It is a perspective view of the power supply device concerning one Example of this invention. FIG. 2 is a perspective view of the power supply device shown in FIG. FIG. 3 is a perspective view of the power supply device shown in FIG. 2 excluding an outer case. FIG. 4 is a vertical sectional view of the power supply device shown in FIG. 3. It is an expanded sectional view of the power supply device shown in FIG. It is a principal part expansion perspective view of the battery holder which accommodates the edge part of a battery module.
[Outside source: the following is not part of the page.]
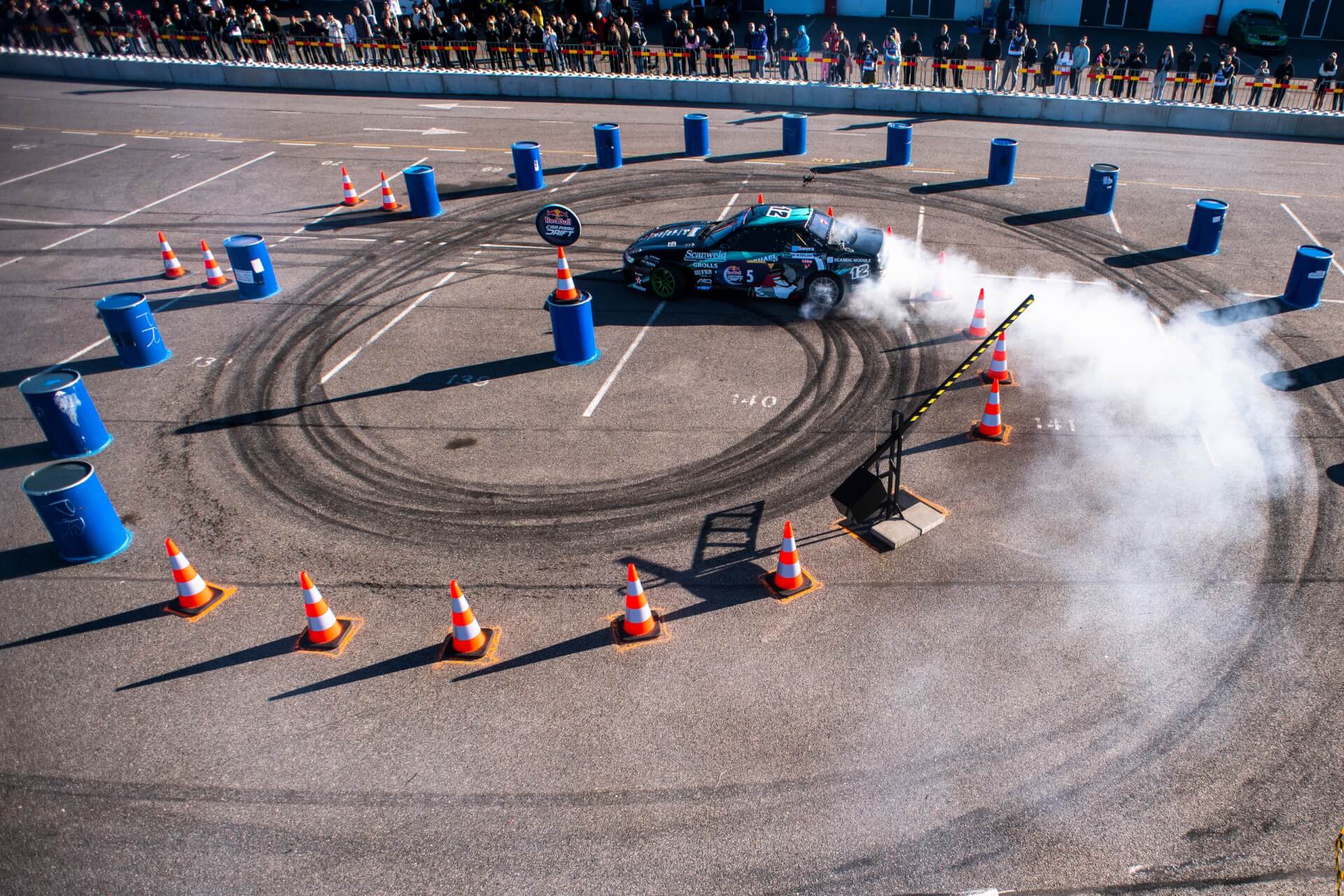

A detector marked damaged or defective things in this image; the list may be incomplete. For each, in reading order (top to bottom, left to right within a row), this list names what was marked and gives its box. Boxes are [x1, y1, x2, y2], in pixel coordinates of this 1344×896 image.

burnt rubber skid mark [186, 169, 903, 547] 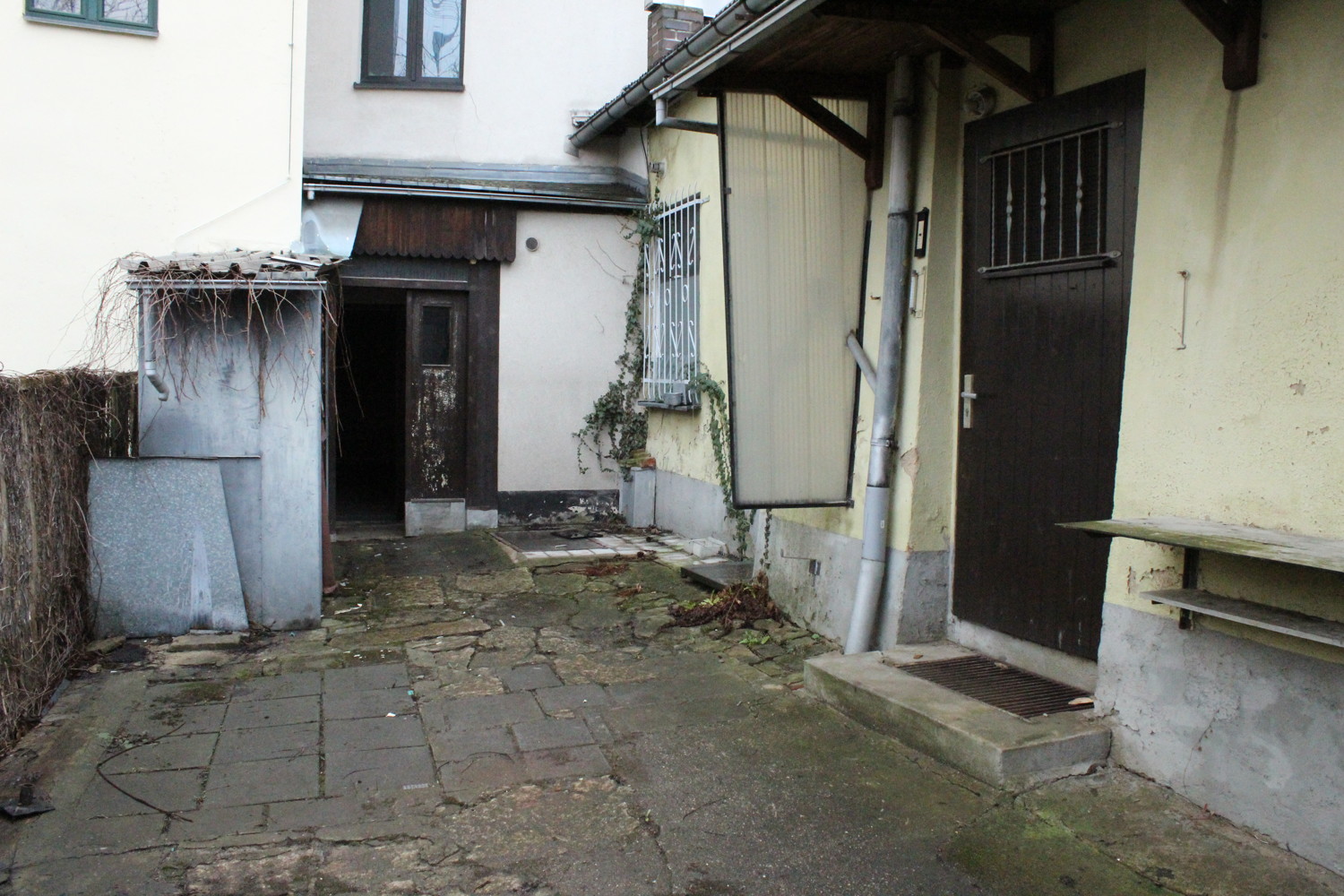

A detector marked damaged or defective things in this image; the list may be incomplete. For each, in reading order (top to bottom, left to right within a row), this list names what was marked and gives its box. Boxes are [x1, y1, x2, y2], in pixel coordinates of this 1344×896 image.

It is a perspective view of a battery module.

Explanation of symbols

DESCRIPTION OF SYMBOLS 1 ... Battery unit 2 ... Battery module 3 ... Battery holder 3A ... Holder
3B ... Holder 4 ... Unit cell 5 ... Output terminal 5A ... Positive output terminal
5B: Output terminal on the nitrogen side 6 ... Connector 7 ... Bus bar 8 ... Insulating tube 10 ... Liquid bowl 11 ... Holding hollow portion 12 ... Gap 13 ... Air duct 14 ... Air hole 15 ... Bulk partition 16 ... Leak sensor 17 ... Electrode 20 ... Exterior case 21 ... Control unit

Claims (6)

A power supply device in which a plurality of battery modules (2) are arranged in a horizontal orientation on a battery holder (3),
The battery holder (3) has a holding hollow part (11) for placing the battery module (2) inside and placing it in place,
Further, the battery holder (3) is provided with an electrolyte receiving tank (10) between the end of the battery module (2) and the inner surface of the holding hollow portion (11), and the end of the battery module (2) is provided. A power supply device configured to store the electrolyte discharged from the section in the liquid receiving tank (10) of the holding hollow section (11).   The battery holder (3) is provided with a gap (12) between the surface of the battery module (2) and the inner surface of the holding hollow part (11), and the holding hollow part (11) further includes a battery module. A partition wall (15) that is in contact with the surface of the end of (2) is provided so as to protrude from the inner surface. The power supply device according to claim 1, which is partitioned into   The power supply device according to claim 1, wherein the battery holder (3) has battery modules (2) arranged in multiple upper and lower stages.   The said battery module (2) is provided with the some unit cell (4) connected mutually linearly, The surface of the unit cell (4) is coat | covered with the insulation tube (8). Power supply.   The power supply device according to claim 1, wherein the battery module (2) has a cylindrical shape, and the holding hollow portion (11) of the battery holder (3) has a cylindrical shape.   The power supply device according to claim 1, wherein the battery holder (3) is provided with a liquid receiving tank (10) at a lower part of the holding hollow part (11).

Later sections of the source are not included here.